Entrevista:O Estado inteligente

sábado, maio 31, 2008

Celso Ming O que é. E o que não é

As explicações que o ministro da Fazenda, Guido Mantega, deu ontem deixaram o projeto do Fundo Soberano do Brasil menos confuso. As dúvidas sobre pontos fundamentais ainda são grandes. Mais do que isso, pode ser uma caixa de fósforos em mão de criança. Mas este é um risco que talvez possa ser evitado.

Ficaram claros três pontos: (1) a prioridade do momento é ajudar o Banco Central a combater a inflação e não mais financiar projetos de desenvolvimento em países vizinhos ou a expansão de empresas brasileiras no exterior - como havia sido anunciado; (2) o Fundo tem por objetivo reforçar o superávit primário (sobra de arrecadação sem aumento das despesas do governo); e (3) por enquanto, esses recursos não serão aplicados em dólares.

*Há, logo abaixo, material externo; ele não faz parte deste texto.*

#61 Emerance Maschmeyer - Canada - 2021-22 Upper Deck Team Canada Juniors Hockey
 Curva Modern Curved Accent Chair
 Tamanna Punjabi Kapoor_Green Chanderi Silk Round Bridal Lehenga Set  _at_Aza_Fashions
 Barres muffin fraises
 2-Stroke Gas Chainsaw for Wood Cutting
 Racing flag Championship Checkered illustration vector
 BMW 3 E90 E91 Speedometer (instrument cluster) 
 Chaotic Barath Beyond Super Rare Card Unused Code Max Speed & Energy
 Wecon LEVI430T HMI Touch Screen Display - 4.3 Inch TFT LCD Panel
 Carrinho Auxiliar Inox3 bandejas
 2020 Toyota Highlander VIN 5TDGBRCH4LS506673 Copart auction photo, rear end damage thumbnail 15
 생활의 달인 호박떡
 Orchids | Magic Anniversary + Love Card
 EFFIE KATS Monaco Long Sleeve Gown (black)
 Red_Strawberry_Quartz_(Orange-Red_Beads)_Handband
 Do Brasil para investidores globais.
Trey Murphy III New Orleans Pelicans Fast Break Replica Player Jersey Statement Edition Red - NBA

Na prática, o superávit primário fica elevado de 3,8% para 4,3% do PIB (ou de cerca de R$ 99 bilhões para R$ 112 bilhões). A manobra política por trás da decisão é retirar recursos que estão sob ameaça de ser desviados para novas despesas correntes do setor público e, a partir daí, alimentar o consumo interno, fator que está aumentando as labaredas da inflação.

Isto posto, dois questionamentos. O primeiro é o de que, sem compromisso de fato, não há como garantir o efeito pretendido. O governo não pode comprometer-se com o aumento do superávit enquanto o projeto do Fundo não for aprovado pelo Congresso. Enfim, o ministro promete entregar o que não depende só dele. E o Copom não pode deixar de puxar os juros apenas porque o ministro avisou que não vai deixar o Banco Central sozinho.

Os políticos têm outras prioridades para o emprego do excesso de arrecadação e podem rejeitar a idéia. No momento, querem porque querem mais dinheiro "para a Saúde", pouco se importando como isso será gasto e pouco fazendo para evitar novos escândalos, como o das ambulâncias.

Melhor e mais adequado seria usar imediatamente os recursos na redução da dívida pública. É o que aumentaria a capacidade de endividamento que, por sua vez, possibilitaria o levantamento de recursos até para capitalizar o Fundo.

A redução da dívida seria, também, a forma mais eficiente de usar esse dinheiro como instrumento destinado a enfrentar tempos de vacas magras (poupança contracíclica), como defende o ministro. Em outras palavras, o governo não precisa desse Fundo nem para ajudar o Banco Central a conter a inflação nem para dar vida ao cofrinho do ministro Mantega.

No momento, o governo está embrulhando o projeto com embalagem destinada a neutralizar duas pressões: a das formigas, que defendem aumento do superávit primário e contenção severa da inflação; e a das cigarras, que defendem despejo imediato de dinheiro na gastança.

A outra dúvida é sobre o que os políticos ou, se não eles, os tecnocratas deste governo ou dos seguintes farão com esse Fundo mais à frente, quando as reservas estiverem faiscando.

Para concluir, se a opção é criar o Fundo ou abater a dívida pública, o melhor é, de longe, abater a dívida. Mas, se a opção é criar o Fundo ou deixar a porta escancarada para a gastança, então o melhor é criar o Fundo.